━━━━━ DATA BLOCK
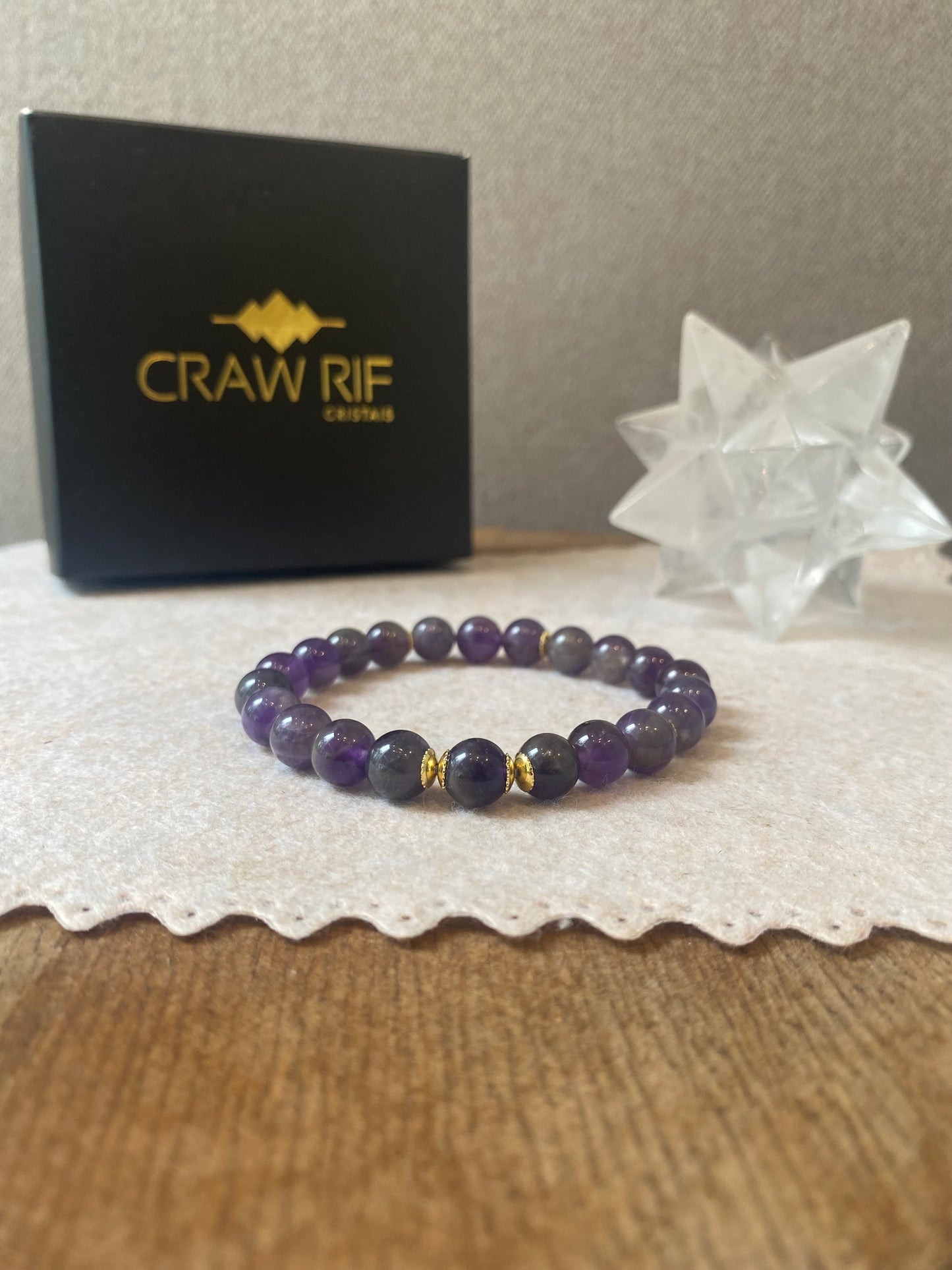 CR Golden | Harmonia Espiritual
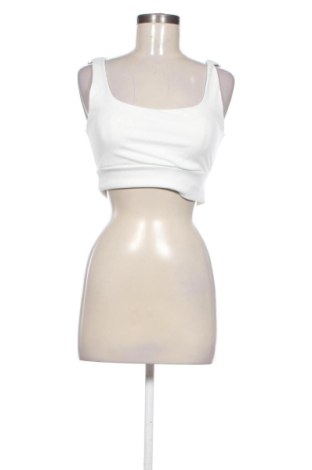 Top de femei Unbranded, Mărime M, Culoare Alb, Preț 78,74 Lei, #137681069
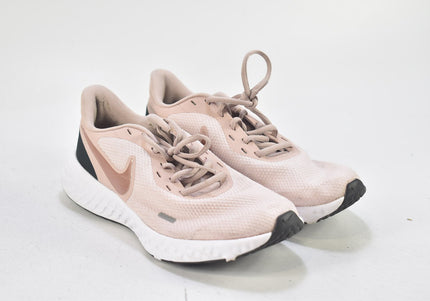 Nike Revolution Damen Sportschuhe Sneaker EUR 39 Nr. 24-X 394-Schuh-Gebraucht-secondhand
━━━━━━━━━━
• WHAT TO DO:
Quote the material above exactly, from the line holding "Top de femei" through its last line, including both. Omit the pictures.

• RESPONSE TO THE EXERCISE:
 Top de femei Unbranded, Mărime M, Culoare Alb, Preț 78,74 Lei, #137681069
 Nike Revolution Damen Sportschuhe Sneaker EUR 39 Nr. 24-X 394-Schuh-Gebraucht-secondhand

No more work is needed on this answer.